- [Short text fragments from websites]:
::::

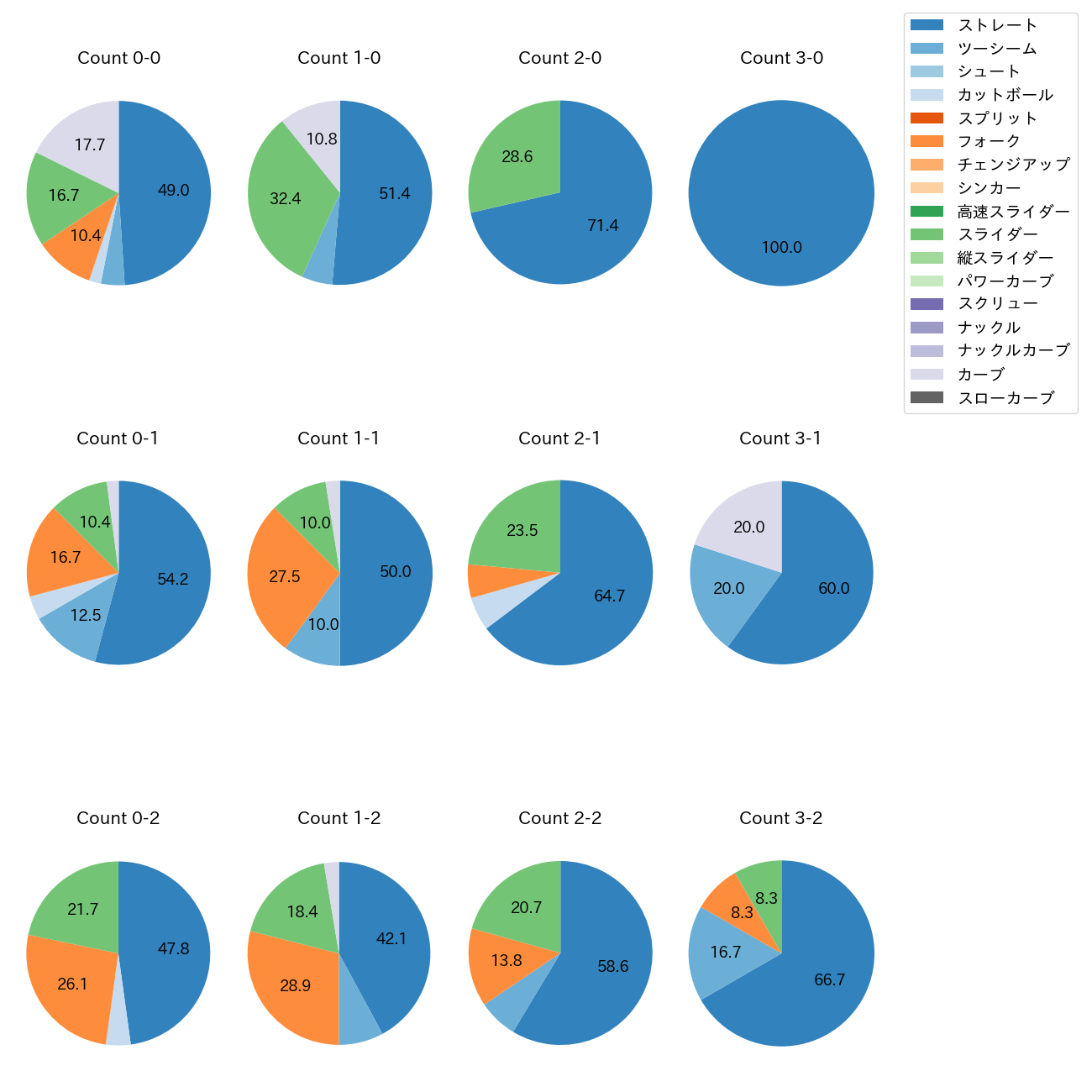 井上 温大 カウント別 球種割合(2025年7月)
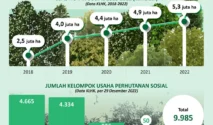 Fawait: 90 Ribu KK di Jember Masih Miskin Ekstrem, Dorong Hutan Sosial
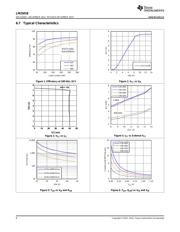 LM25018 datasheet.datasheet_page 6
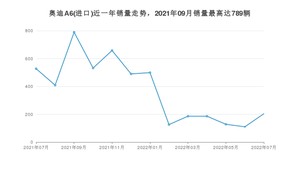 2022年7月奥迪A6(进口)销量数据发布 共卖了204台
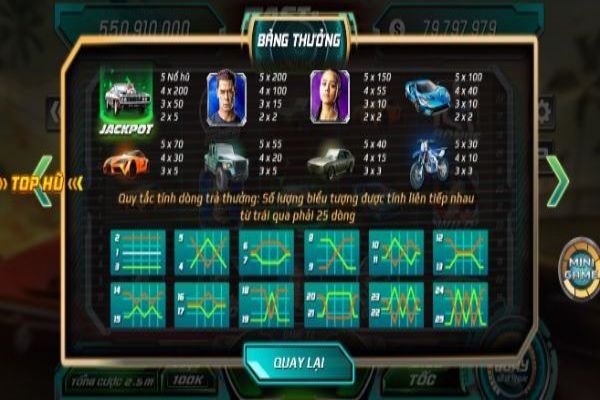 Fast & Furious tại B52 Club - Khám phá cách chơi hiệu quả nhất kinh nghiệm chơi fast furious b52 club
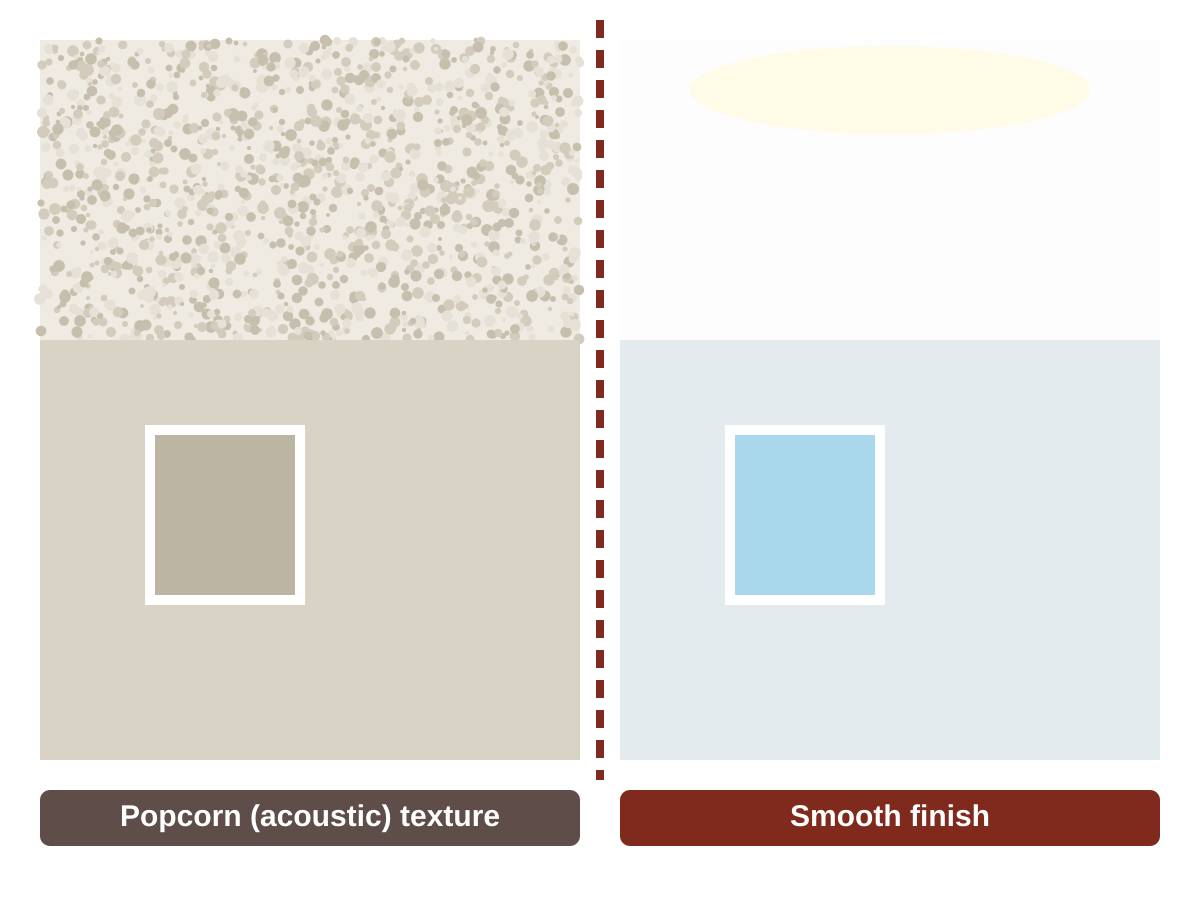Illustration comparing a bumpy popcorn ceiling on one side with a flat, smooth skim-coated ceiling on the other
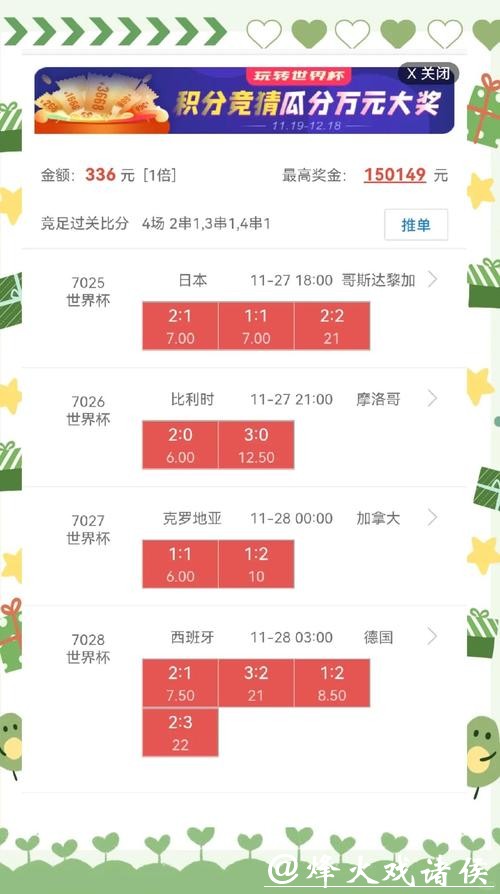 世界杯足球比赛下注盘口分析与攻略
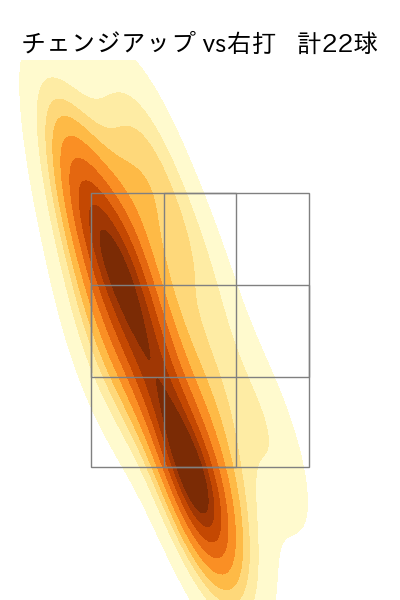 上原 健太 配球ヒートマップ(2023年8月)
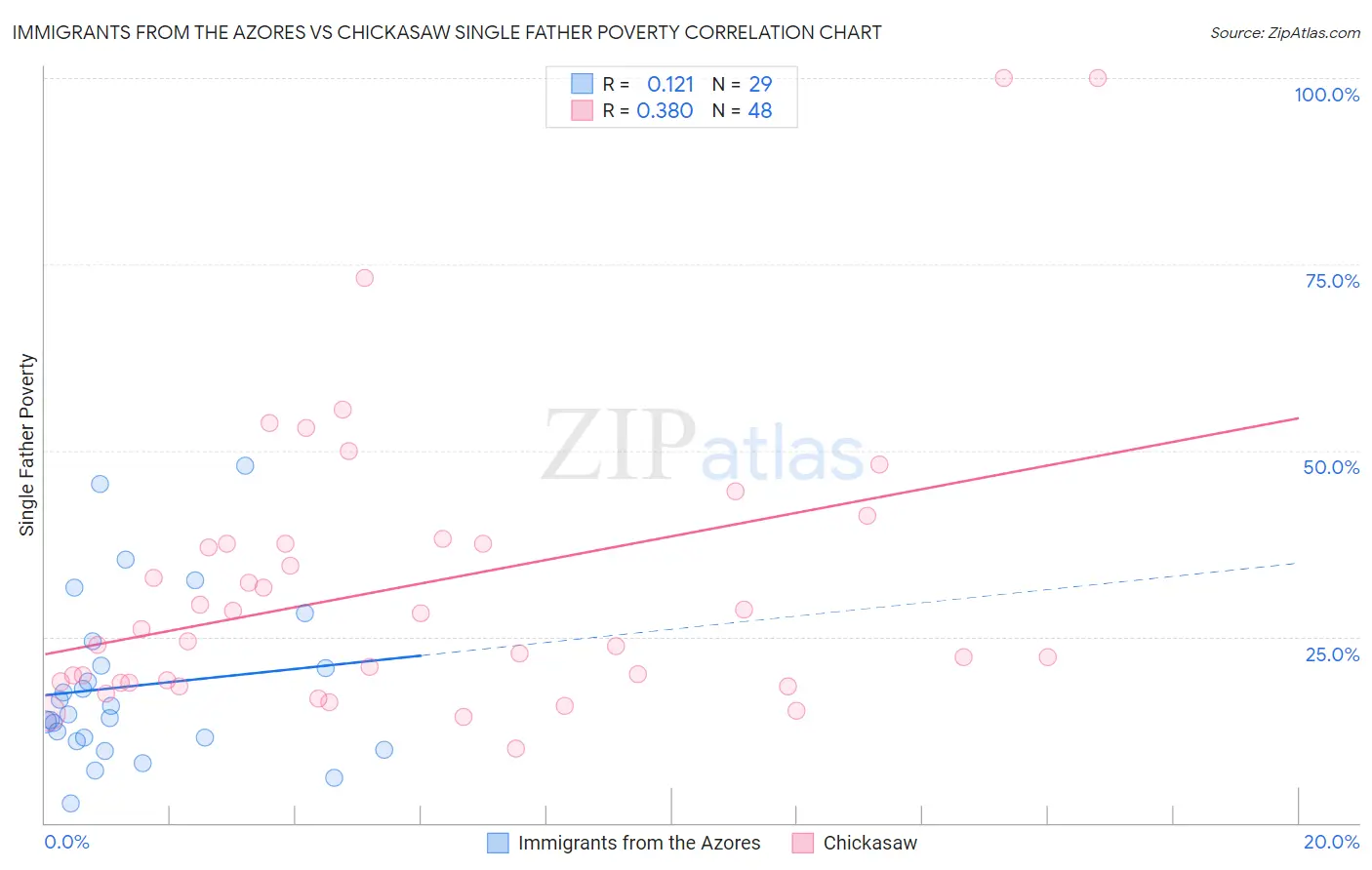 Immigrants from the Azores vs Chickasaw Single Father Poverty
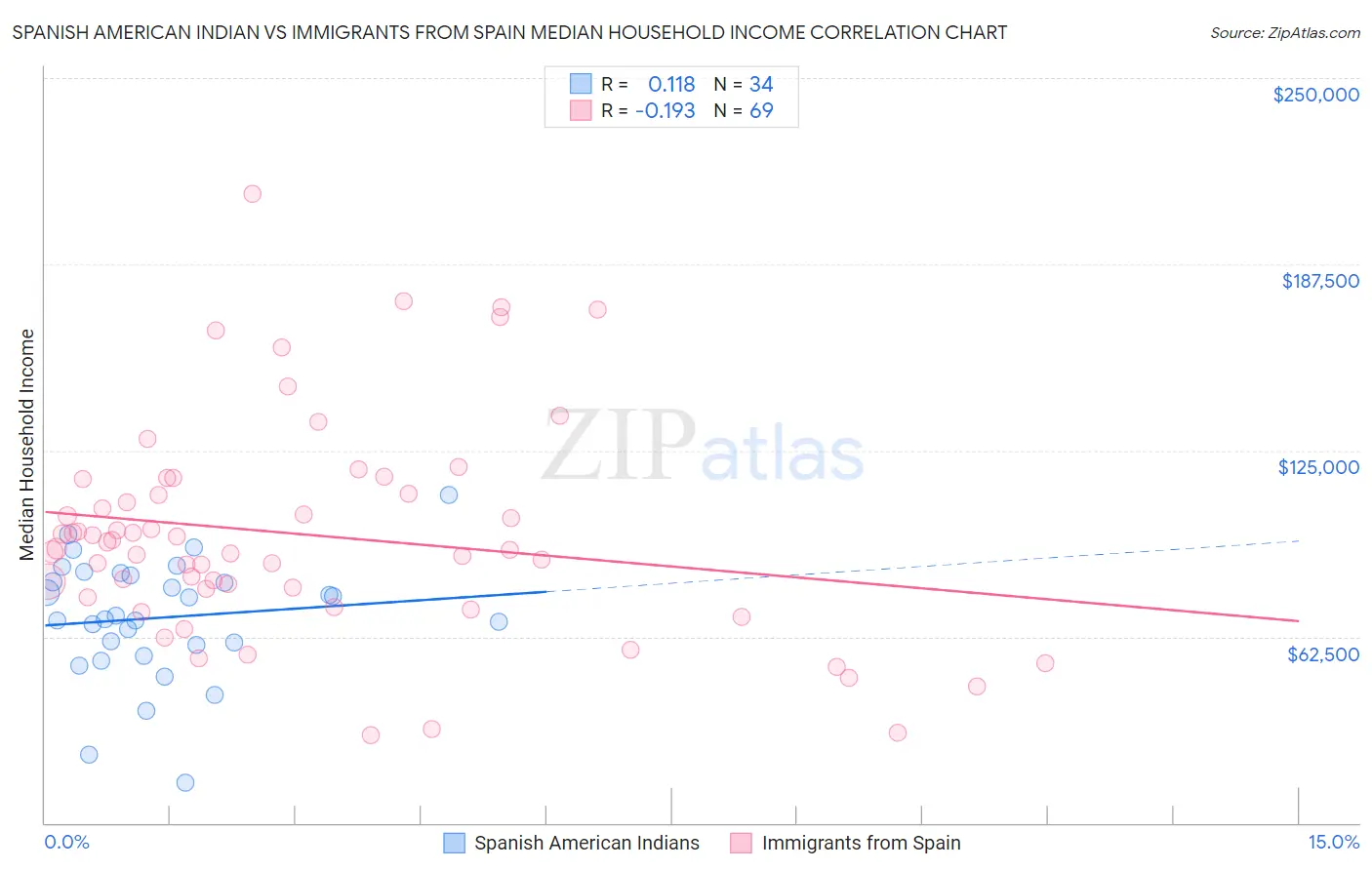 Spanish American Indian vs Immigrants from Spain Median Household Income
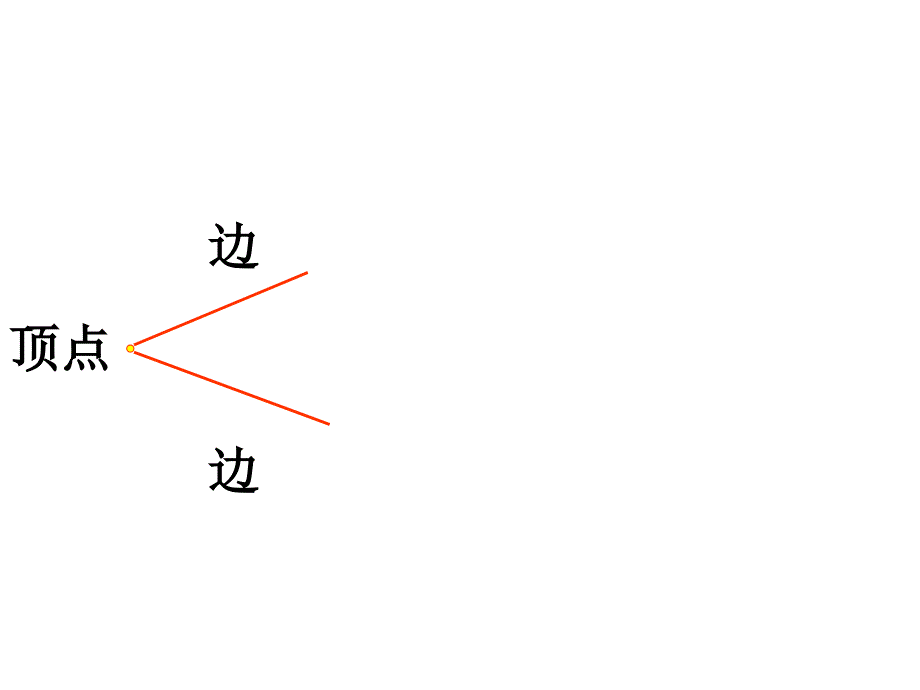 角的初步认识 (2)_第3页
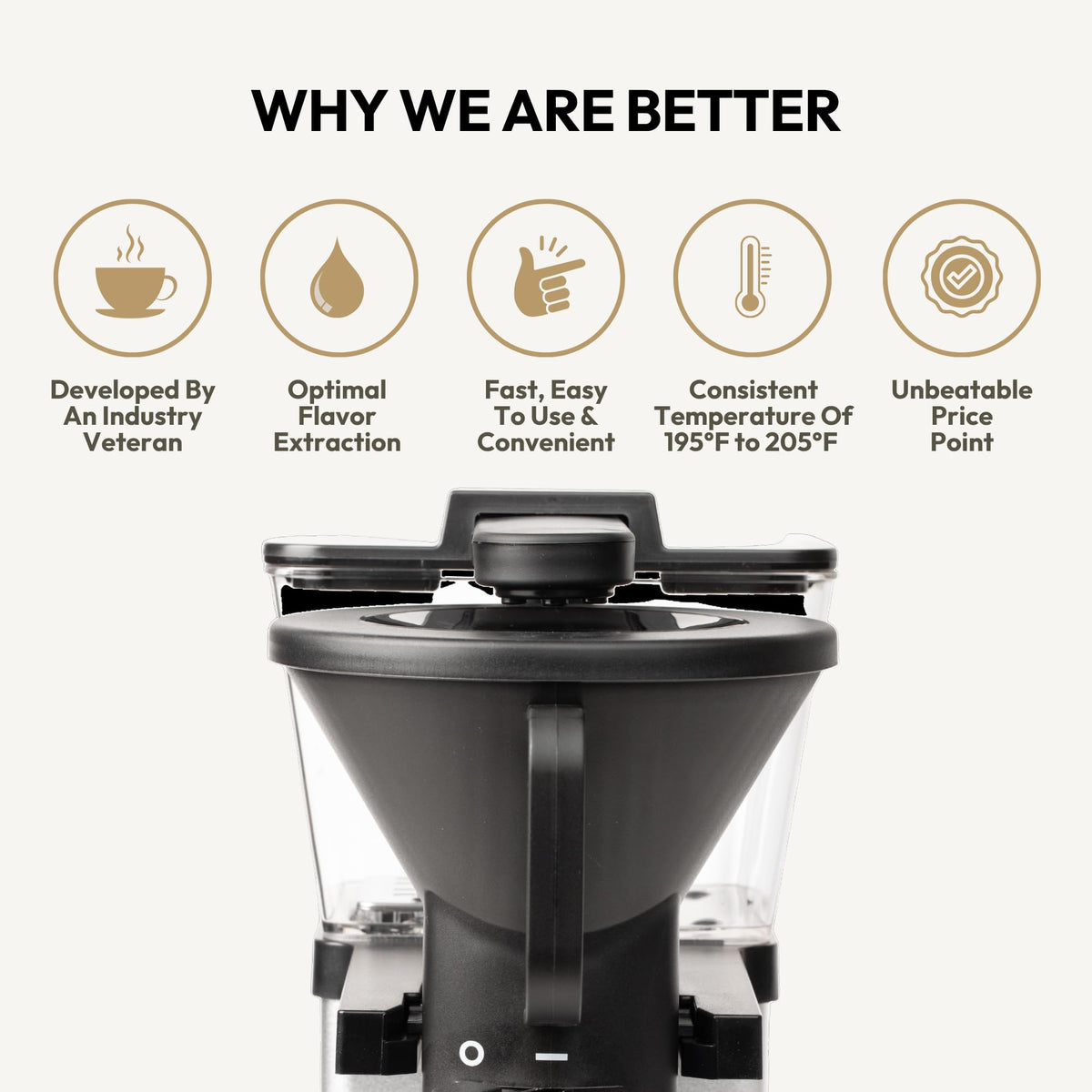 SimplyGoodCoffee Coffee Maker/Coffee Machine. 8 Cup Automatic Drip Pour Over Coffee Brewer. Easy To Use, Durable Stainless, Gold Cup Standard
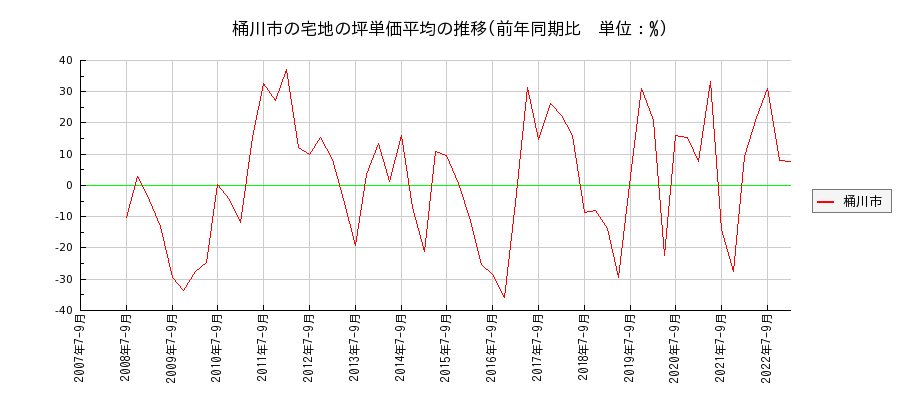 埼玉県桶川市の宅地の価格推移(坪単価平均)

::::

- [What you have to do]: All of the data is to be reproduced exactly, with the pictures left out.

- [Answer to the exercise]:
 井上 温大 カウント別 球種割合(2025年7月)
 Fawait: 90 Ribu KK di Jember Masih Miskin Ekstrem, Dorong Hutan Sosial
 LM25018 datasheet.datasheet_page 6
 2022年7月奥迪A6(进口)销量数据发布 共卖了204台
 Fast & Furious tại B52 Club - Khám phá cách chơi hiệu quả nhất kinh nghiệm chơi fast furious b52 club
Illustration comparing a bumpy popcorn ceiling on one side with a flat, smooth skim-coated ceiling on the other
 世界杯足球比赛下注盘口分析与攻略
 上原 健太 配球ヒートマップ(2023年8月)
 Immigrants from the Azores vs Chickasaw Single Father Poverty
 Spanish American Indian vs Immigrants from Spain Median Household Income
 角的初步认识 (2)_第3页
 SimplyGoodCoffee Coffee Maker/Coffee Machine. 8 Cup Automatic Drip Pour Over Coffee Brewer. Easy To Use, Durable Stainless, Gold Cup Standard
 埼玉県桶川市の宅地の価格推移(坪単価平均)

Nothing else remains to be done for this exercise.